Na trama, a escritora chilena Maria Carolina Gee (Francisca Lewin) mata o amante e o caso provoca o interesse de Mercedes (Elisa Zulueta), uma acanhada secretária do judiciário. Ao acessar a casa da homicida, Mercedes desenvolve enorme fascínio pelo lar e objetos pessoais de Maria, como roupas, maquiagens e livros. Baseado em caso real ocorrido na década de 1950 e contado no livro “Las Homicidas”, da escritora Alia Trabucco Zerán, o filme não destaca tanta atenção às implicações do crime em si, mas sim aos processos de inquietação de uma mulher que não faz parte da elite financeira e cultural. Mercedes é uma mulher comum, com filhos, marido e uma penca de louças e roupas para lavar.
Os infortúnios do dia a dia da competente secretária são expostos já nos minutos iniciais de No Lugar da Outra. Após acordar contrariada (ainda que já habituada) com o ronco do marido, o espectador conhece o lar da protagonista: uma pequena casa que acumula mais objetos que o espaço permite. Assim, é fácil esbarrar na enceradeira esquecida próxima à escada e sentir estresse poucos minutos depois de levantar da cama. As “pequenas” opressões do lar ganham concretude com a representação visual acinzentada do ambiente em que Mercedes divide espaço com a família e realiza as rotineiras tarefas de dona do lar.
Embora a cordialidade e a parceria profissional com o marido fotógrafo, que usa a sala da casa como estúdio, existam naquela dinâmica familiar, as micro agressões são frequentes. Exemplo, em conversa aparentemente descontraída, um dos filhos de Mercedes diz que será juiz como a mãe. No momento seguinte, o marido responde: “sua mãe poderia ser sua secretária”. Imediatamente a matriarca expressa contrariedade com a brincadeira de mal gosto no olhar, mas claro, ninguém repara que ela se sentiu mal.
Acertadamente, os homens da casa não são representados como vilões. Ponto para o roteiro de No Lugar da Outra, escrito por Maite Alberdi, Inés Bortagaray e Paloma Salas, que destaca a exploração do trabalho da mulher em dinâmicas diárias e a ausência de empatia naquele ambiente como questões sérias, mas sem recorrer a construções maniqueistas dos algozes. Apesar de as situações ficcionais ocorrerem nos anos 1950, não é novidade que a naturalização dos papéis de gênero no ambiente doméstico ainda seja um problema persistente, mesmo com o avanço dos debates feministas. E ao contrário do que se possa imaginar, as afrontas também acontecem em lares sadios, sem violências físicas ou agressões verbais. Dito isso, um copo sujo deixado para a mulher lavar ou aquela piadinha fora de hora não são ocorrências tão inofensivas assim.
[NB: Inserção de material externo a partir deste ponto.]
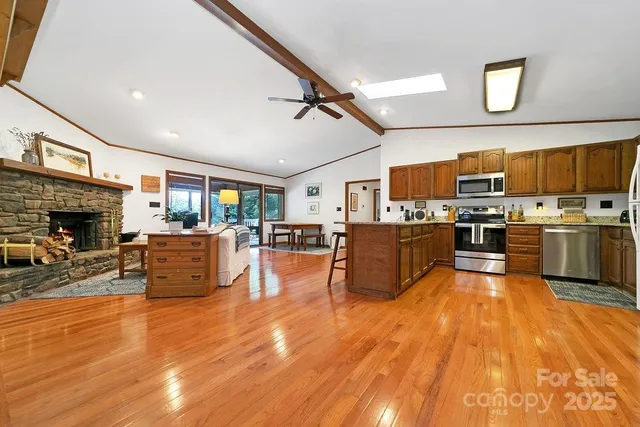 a kitchen with stainless steel appliances wooden floors and refrigerator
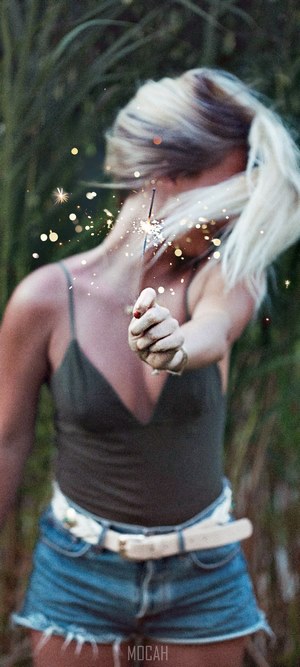 Woman holding a lit sparkler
Mas afinal, o que Mercedes busca? Ao adentrar o lar da sofisticada escritora Maria Carolina, Mercedes sente-se bem não apenas por usufruir dos bons perfumes, roupas sofisticadas ou por tomar banho na banheira, imaginando-se como detentora daqueles luxos. É a ausência de vozes que provoca ampla satisfação. É a iluminação que invade a sala através da janela e toca as plantas decorativas que proporcionam paz e quietude.
Maria Carolina e Mercedes são de classes sociais diferentes, contudo, ambas são vítimas do patriarcado. Se a primeira tomou uma atitude radical contra os processos que cerceavam suas liberdades, a humilde secretária está em fase de descobertas e assimilações.
Hábil na construção da trajetória da protagonista, No Lugar da Outra oferece leitura pálida da condução do julgamento da escritora e o elo entre as histórias das figuras femininas deixa a desejar. De todo modo, o longa é um pontual registro de época. Ou ‘pior’, de épocas.